Terkadang itulah gunanya memiliki banyak kehidupan. Ada kehidupan percintaan, kehidupan pertemanan, kehidupan pekerjaan, kehidupan hobi, dan lain-lain. Jangan menggantungkan seluruh hidupmu hanya pada satu kehidupan, apalagi satu orang. Supaya kalau-kalau ada satu kehidupan yang sedang bermasalah, kita masih memiliki kehidupan lainnya untuk disinggahi sambil menyelesaikan masalah yang ada.
Setelah bercerita sampai kedai hampir tutup, kami bertiga pulang ke rumah masing-masing. Setelah sampai di rumah, Bagaskara (yang biasanya jauh sekali dari kata-kata puitis) mengirimkan gambar berisi teks diatas ke dalam grup social messenger berisi kita bertiga. Sebuah quote dari Jalaludin Rumi.
DO NOT GRIEVE. ANYTHING YOU LOSE COMES ROUND IN ANOTHER FORM.

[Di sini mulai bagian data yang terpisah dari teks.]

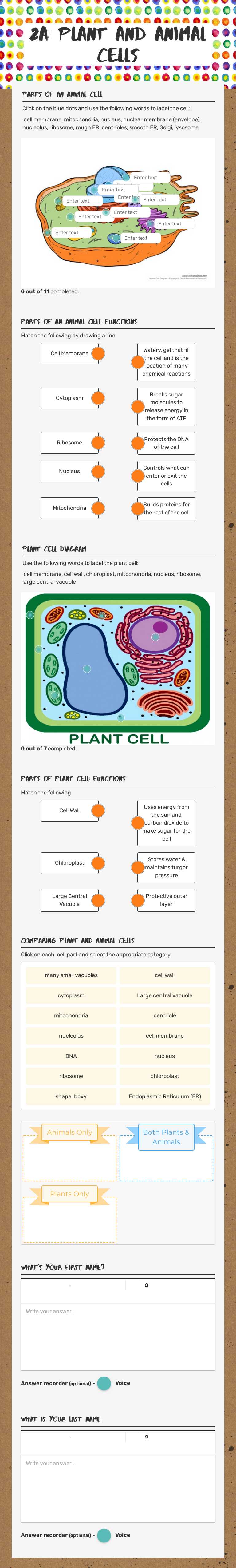 2A: Plant and Animal Cells worksheet preview image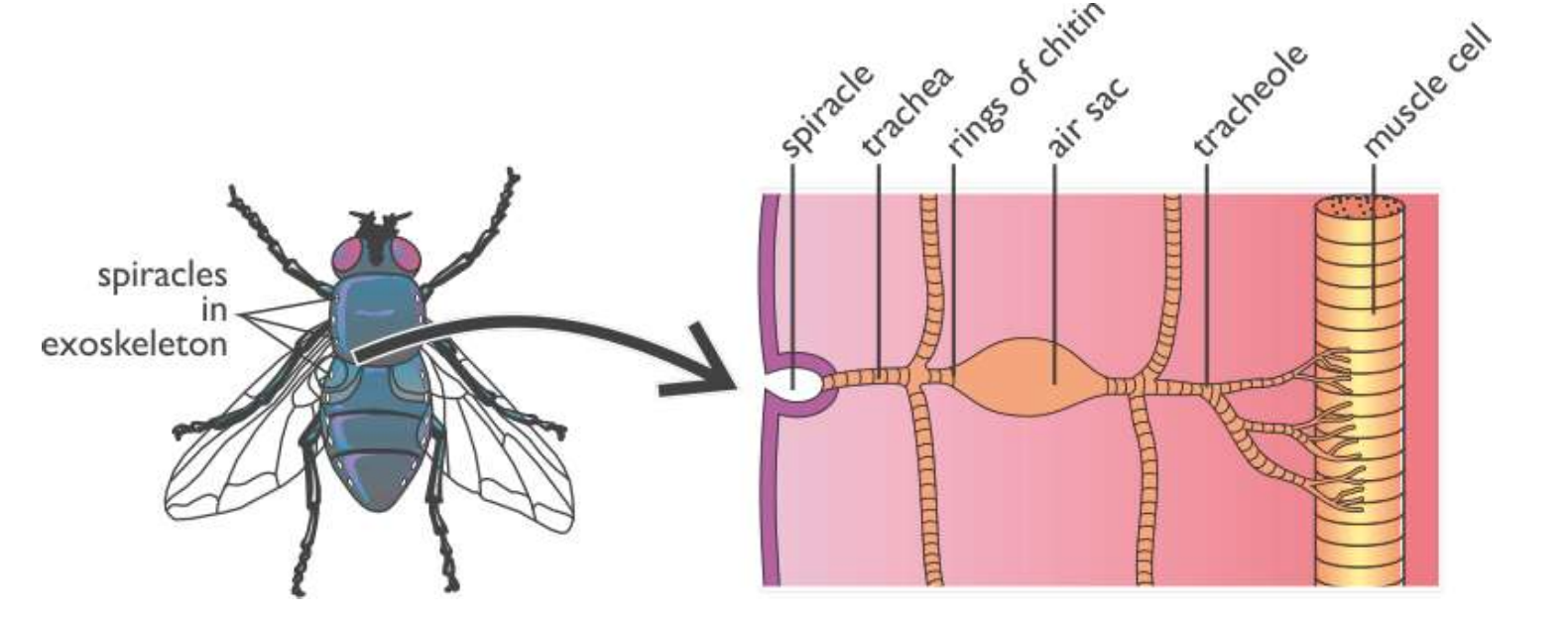 <ul><li><p><strong>Spiracles</strong>: openings on the body’s surface</p></li><li><p><strong>Tracheae</strong>: large tubes extending through all body tissues, supported by rings of chitin</p></li><li><p><strong>Tracheoles</strong>: smaller branches dividing off the tracheae, delivering oxygen directly to cells</p></li></ul><p></p>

Entah kenapa, tulisan yang dibagi Bagas di dini hari itu ada benarnya. Disaat semua hal yang kita lakukan untuk menjaga tetap berujung pada kehilangan. Siapalah kita selain manusia yang pada akhirnya hanya bisa menerima. Dan seperti kata Rumi, apa yang hilang dari kita, diganti dengan suatu hal dalam bentuk yang lain. Dan mungkin, hal yang baru itu lebih baik. Mungkin. Semoga.
Tiga hari setelah malam itu, Bumi sudah baikan. Mungkin waktu membuatnya berdamai. Adanya kami mungkin mempercepat proses penerimaan keadaan itu. Tiga hari setelah malam itu, kami sudah sibuk memilih lagu-lagu untuk berkaraoke dengan suara sumbang masing-masing.